* Exercise aim *
Start the copy at the line holding "Clicando no ícone Nova camada de ajuste." and continue it exactly through the last line of the entries, leaving out pictures and anything else.

* Records to use *
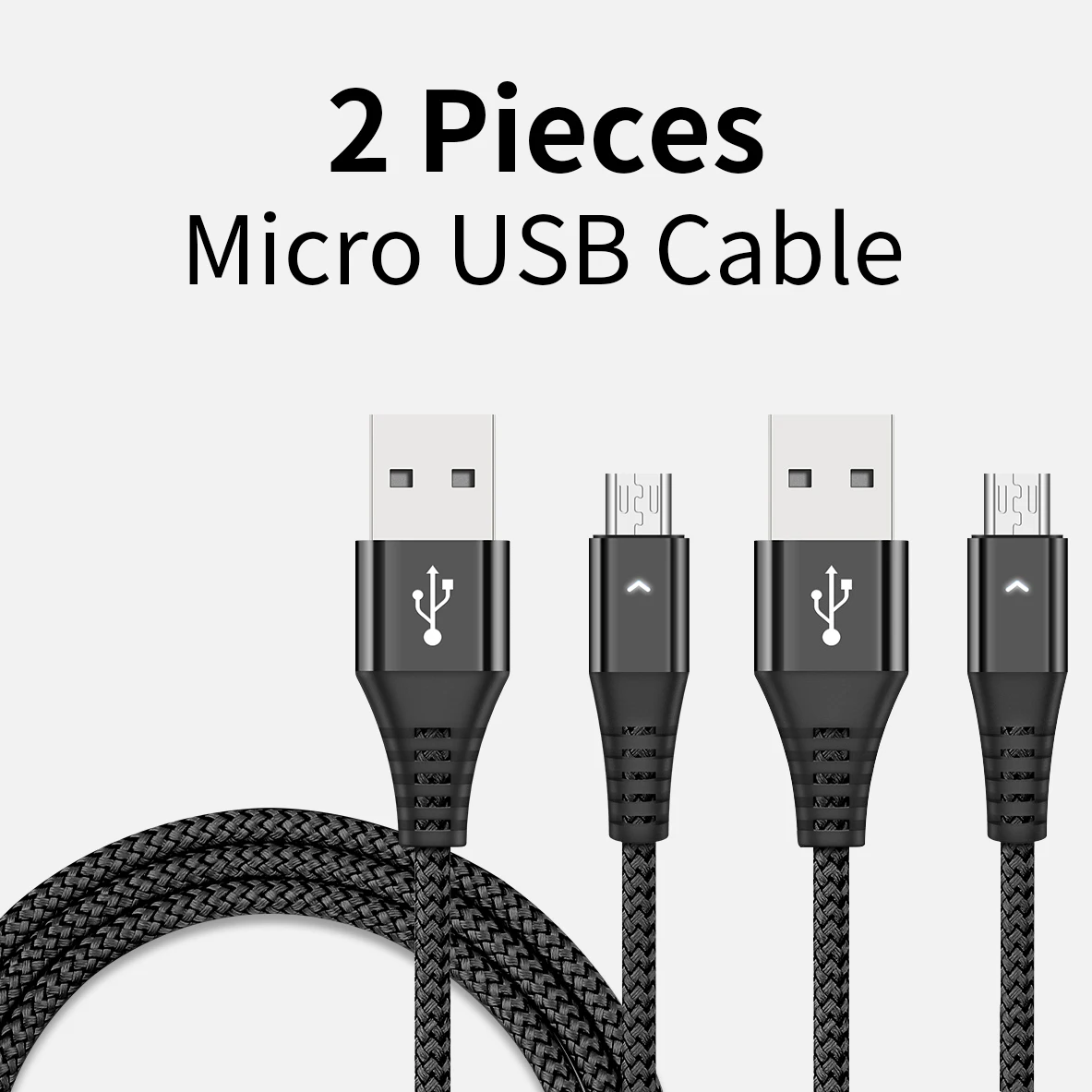 Black 2 Pieces HANNORD Micro USB кабель для быстрой зарядки 1,2 A Светодиодный индикатор 1,8/м данных Syn нейлоновый плетеный шнур для зарядки телефона Android - Цвет: Black 2 Pieces
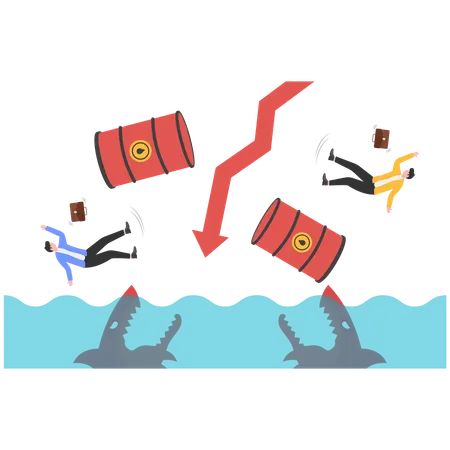 Businessman running away from falling oil barrels  Illustration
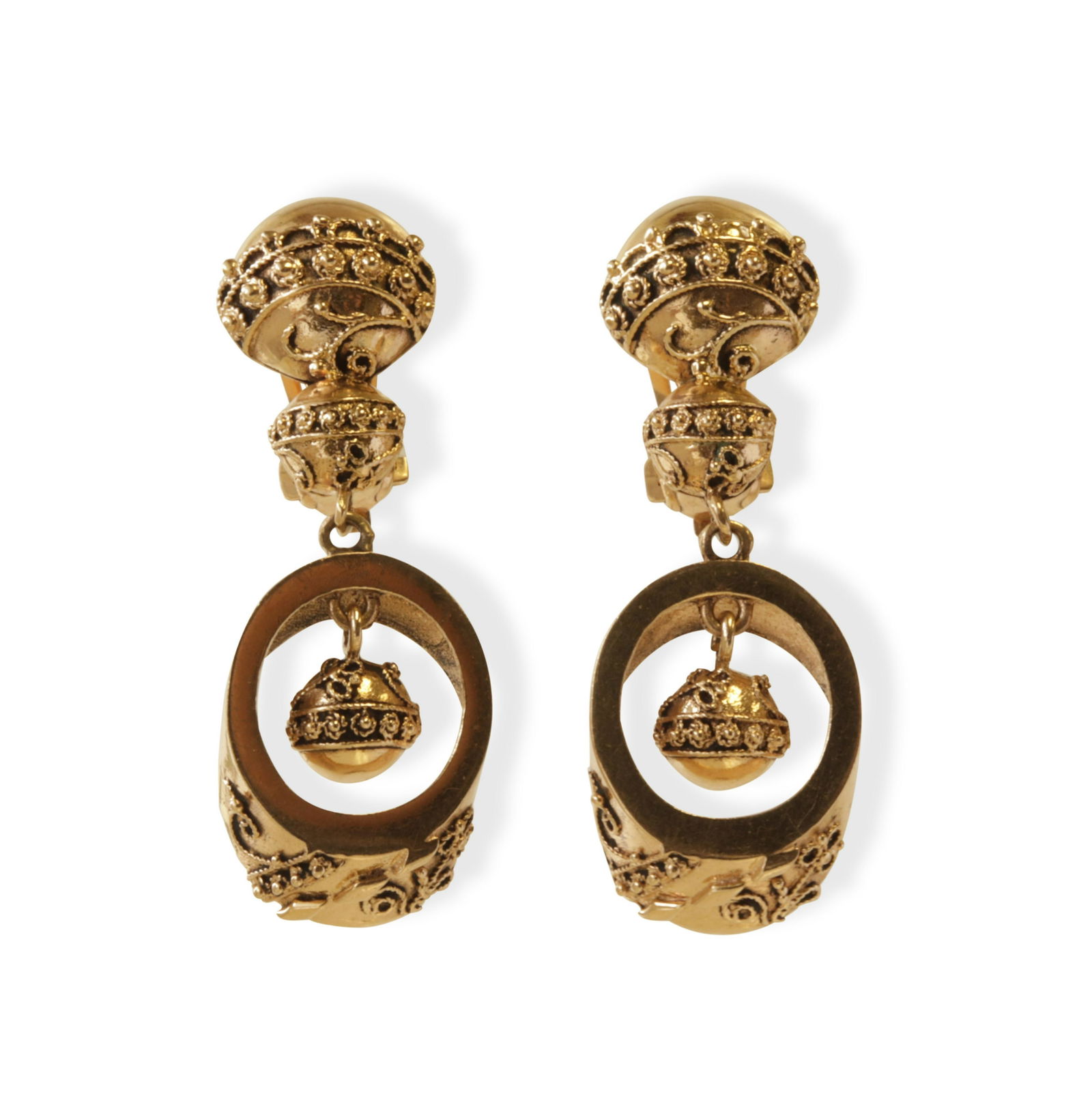 14k Victorian Etruscan Style Gold Drop Earrings (1 of 3)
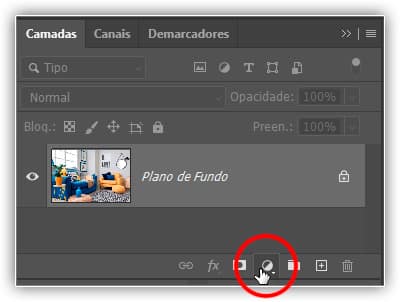 Clicando no ícone Nova camada de ajuste.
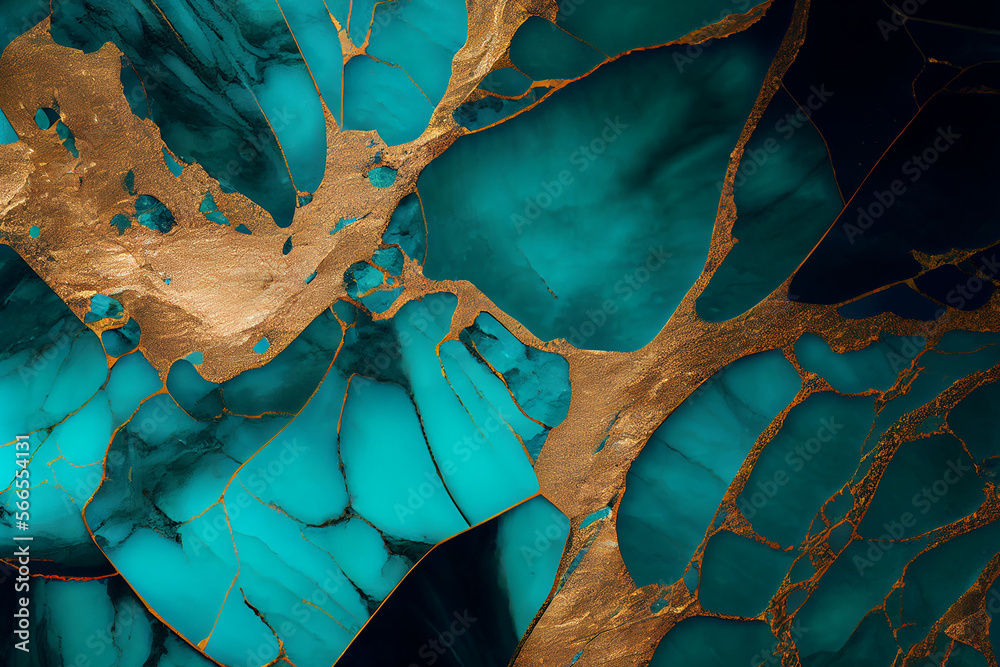 Abstract teal marble background with golden veins, marble stone texture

* Answer for the task *
 Clicando no ícone Nova camada de ajuste.
 Abstract teal marble background with golden veins, marble stone texture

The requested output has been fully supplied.